Aí a sombra da mudança se intensifica. O novo CD contém releitura de "Miss Lexotan 6mg Garota", do gaúcho Júpiter Maçã, egresso também dos 80. A faixa devolveu o Ira! a certas paradas -está há cerca de dois meses em primeiro lugar na rádio roqueira Brasil 2000.
Embora se refiram aos radicalismos com ressalvas, parecem admitir que deles resultou um histórico coerente ao Ira!. É Scandurra quem define: "Tivemos sempre comportamento underground, mesmo que tenhamos ficado populares no histórico dos anos 80".
Mudança e conciliação
No meio do caminho do Ira!, houve a saída da multinacional WEA, em 93, quando a banda se viu sem gravadora.
"Fomos a primeira banda de rock a ir de uma grande gravadora para uma menor. Outras encarariam essa "queda de padrão'. Isso nos distinguiu", afirma Nasi.
Hoje, afirmam tentar conciliar radicalismos, até porque divergem os interesses de cada integrante da banda -em projetos solo, Nasi tem pesado a mão no blues e Edgard, no tecno.
"Há um lado crítico de identidade entre eles.

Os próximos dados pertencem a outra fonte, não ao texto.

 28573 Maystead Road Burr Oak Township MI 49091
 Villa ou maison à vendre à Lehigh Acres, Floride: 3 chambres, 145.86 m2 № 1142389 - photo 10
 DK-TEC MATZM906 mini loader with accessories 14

Mas conheço os caras, vejo um tomando papel oposto ao que tomou antes. Em 82, Nasi queria fazer hip hop e Edgard só queria sixties", lembra Jung. "O Ira! é a quintessência de tudo, passeia por tecno, surf, samba..."
Nasi e Scandurra entram na fogueira. "Achei legal a entrada de Edgard na tecnologia. Não deixa de ser uma continuidade do hip hop, como eu queria fazer antes", diz o vocalista. "O hip hop não dava espaço para a guitarra, como o tecno hoje não dá vez para o vocal", devolve o guitarrista.

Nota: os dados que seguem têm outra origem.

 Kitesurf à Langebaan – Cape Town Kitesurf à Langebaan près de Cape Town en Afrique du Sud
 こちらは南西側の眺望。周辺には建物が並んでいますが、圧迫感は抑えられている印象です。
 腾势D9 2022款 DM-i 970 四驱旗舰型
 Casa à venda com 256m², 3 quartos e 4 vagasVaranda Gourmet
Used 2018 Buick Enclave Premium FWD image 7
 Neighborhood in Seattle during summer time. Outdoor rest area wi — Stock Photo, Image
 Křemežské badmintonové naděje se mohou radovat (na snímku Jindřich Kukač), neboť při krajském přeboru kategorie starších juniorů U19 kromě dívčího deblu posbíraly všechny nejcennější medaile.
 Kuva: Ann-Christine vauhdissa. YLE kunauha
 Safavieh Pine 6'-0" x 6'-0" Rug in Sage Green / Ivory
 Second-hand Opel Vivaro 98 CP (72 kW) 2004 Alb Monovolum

A surpresa, em 98, é Scandurra ter convencido os colegas "radicais" a incursionar pelo tecno. "Chegar a um consenso foi complicado, mas ninguém estava com a menor vontade de fazer mais um disco de garagem", define Jung.
O agente flexiblizador, no caso, não se mostra plenamente satisfeito. "Acho que este é um disco de transição", diz Scandurra. Ele defende a coerência de ter partido do mod (movimento roqueiro inglês dos 60, liderado pela banda The Who) e chegado ao tecno.
"Mod hoje é o tecno, são as raves, que juntam pessoas com identidades em comum. O grunge era largado, podrão, machista. As raves trazem de volta o mod, a tolerância, a preocupação estética."
Gaspa ironiza: "Edgard ainda é tão mod por dentro que precisa se convencer que o tecno é mod". Jung apimenta: "Se Pete Townshend (The Who) disser que tecno não é legal, ele não dorme mais".
O resto do Ira! abre a guarda, no entanto. O veterano underground Loop B participará nos shows que apresentarão o novo disco, em maio. "Será um quinto elemento que vai agregar influências eletrônico-industriais", explica Jung.
Todos, enfim, admitem o arejamento do Ira! versão 98. "O CD contempla passado, presente e futuro", diz Nasi. "É o Ira! olhando para o futuro", radicaliza Scandurra. "Assim não vira museu, cover de Ira!. Não somos mais o rock dos 80, somos dos 90", fecha Jung.